PG, 143 minutes
Review by © Jane Freebury
Joyous, vibrant. There are good grounds for this song and dance extravaganza becoming a hit. What’s not to like about appealing lead characters and a cast of thousands?
It was filmed on location in Upper Manhattan, NYC, with the graceful Washington Bridge as occasional backdrop. The streets and squares of Washington Heights neighbourhood must have been electric with colour and movement. Who wouldn’t have wanted to join the street party?
The stage musical on which it is based, from a book by Quiara Alegria Hudes with music and lyrics by Lin-Manuel Miranda, both Pulitzer-winning writers, arrived on Broadway in 2008.
It must have been a useful antidote as the GFC got underway. We may turn to it to lift the spirits in 2021 too.

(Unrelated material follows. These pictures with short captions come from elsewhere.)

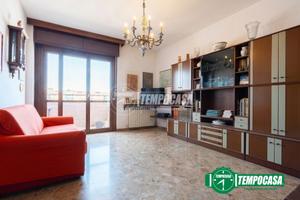 Trilocale all'ultimo piano - vicino M1 Lampugnano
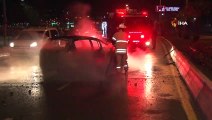 İzmir’de otomobil alevlere teslim oldu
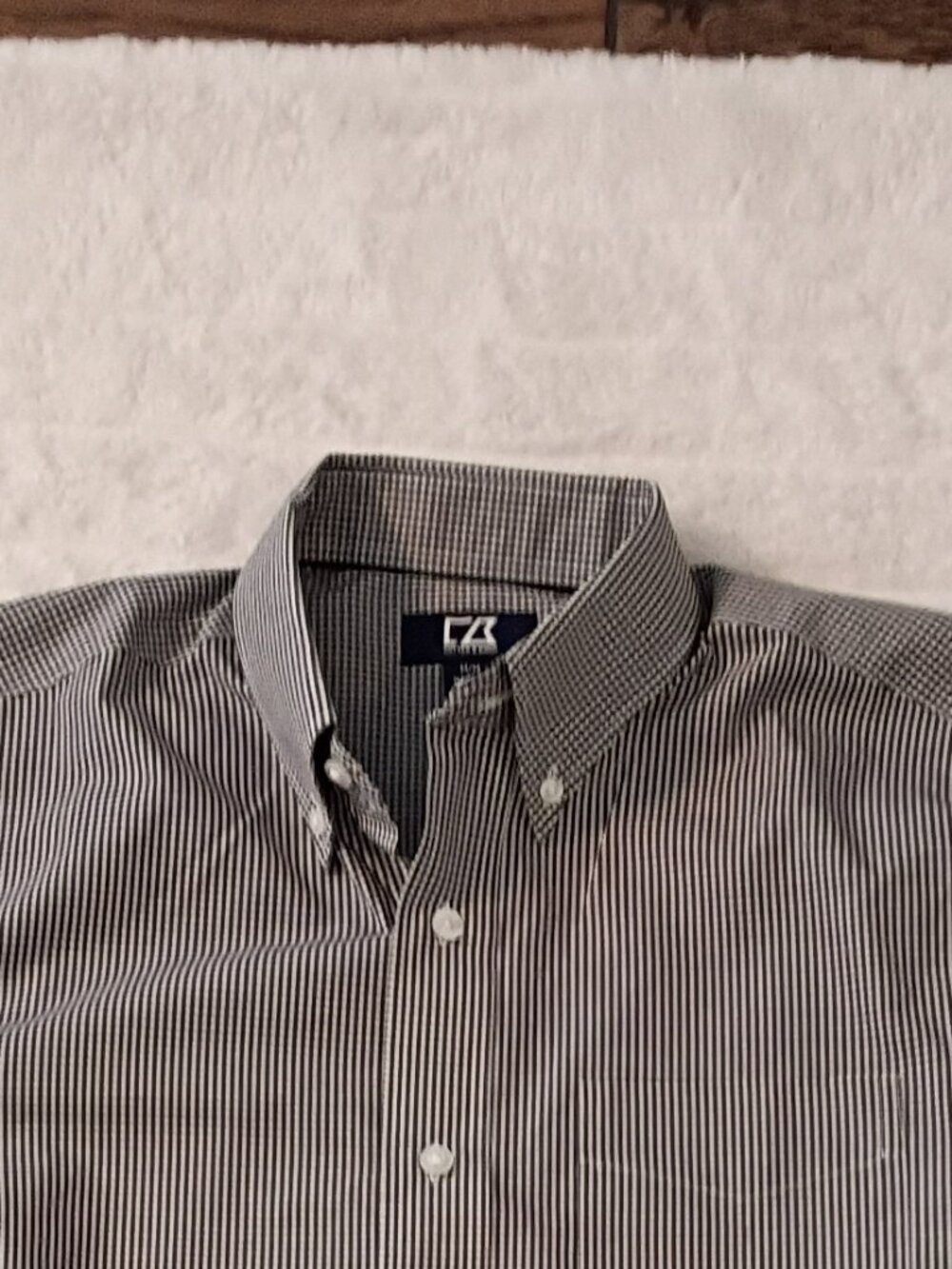 Cutter & Buck Button Down - Picture 5 of 8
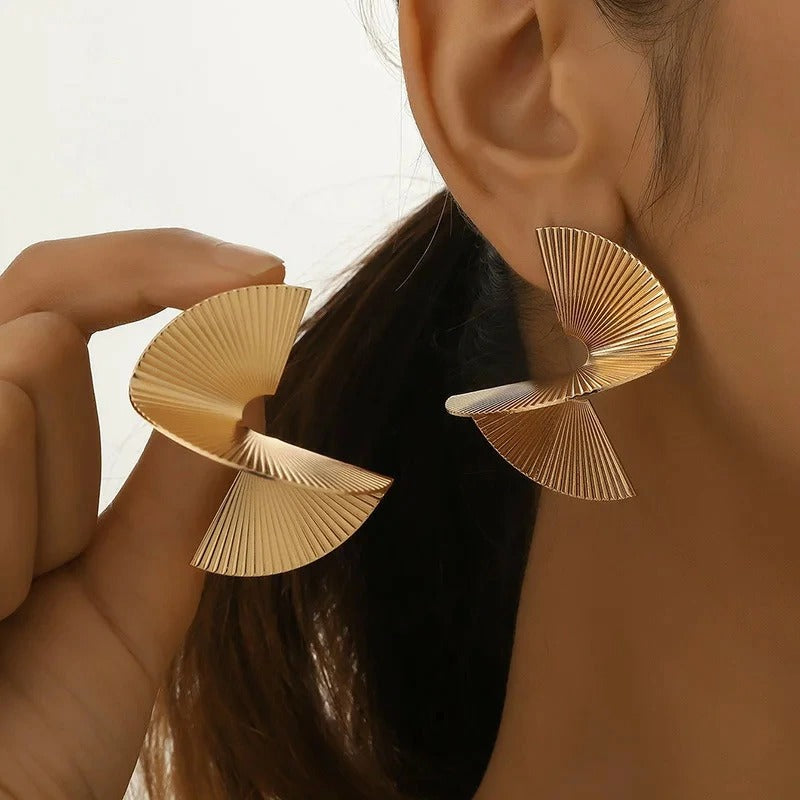 Geometric Spiral Big Stud Earrings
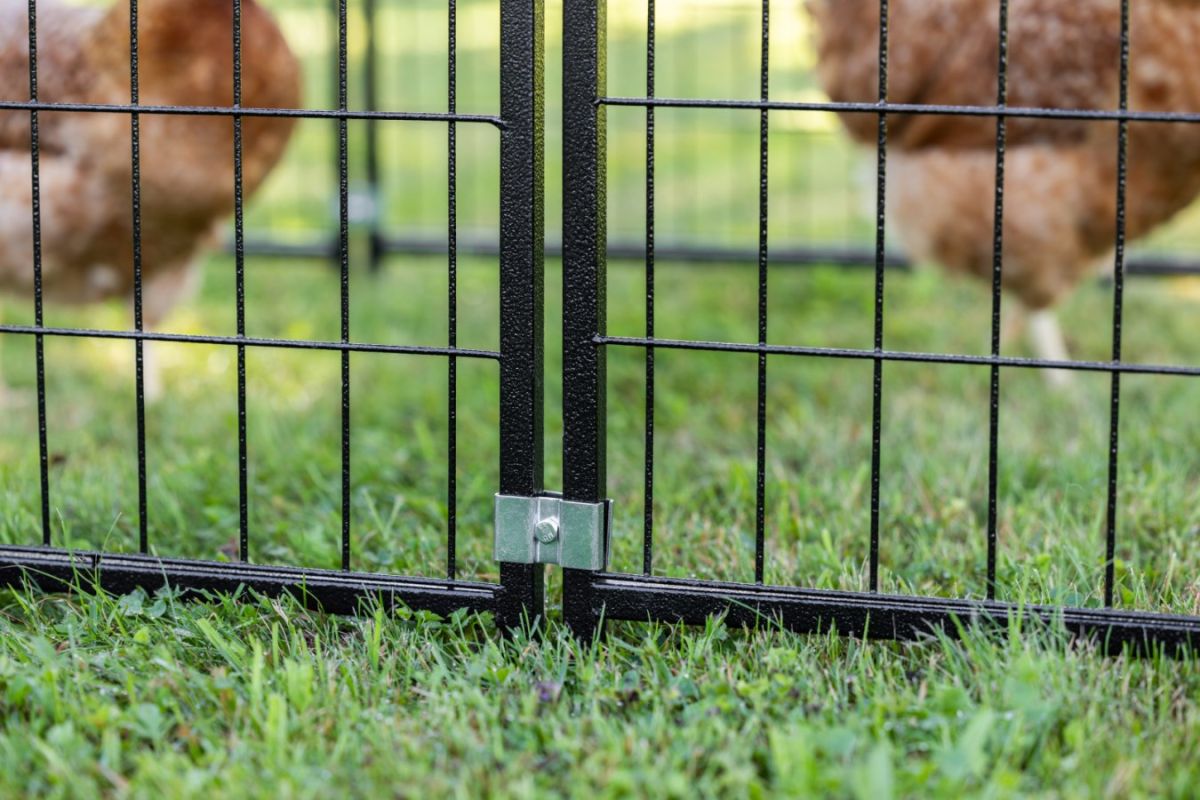 Detailansicht: Freigehege Space mit Dachplane - Verbinder der Gitterelemente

Lin-Manuel Miranda is of course famous for that other stage musical, Hamilton, which he wrote entirely. It has become a phenomenon in American theatrical history, breaking records at the Tony Awards and receiving the Pulitzer Prize for Drama in 2016.
Nothing grandiloquent, but an American dream of sorts, a little dream or el suenito to keep you going
Miranda makes a modest cameo here, threading his way through the Washington Heights neighbourhood selling ices from his cart. He is the piruagero guy who is in competition with Mister Softee for the money that people will pay for flavoured ices to keep themselves cool.
In the Heights takes place over the course of a few days, dog days that lead into a heatwave and eventual power-out that paralyses the neighbourhood.
The lead character, Usnavi (an engaging Anthony Ramos), is the guy who runs the corner store, the bodega, by definition at the heart of community life.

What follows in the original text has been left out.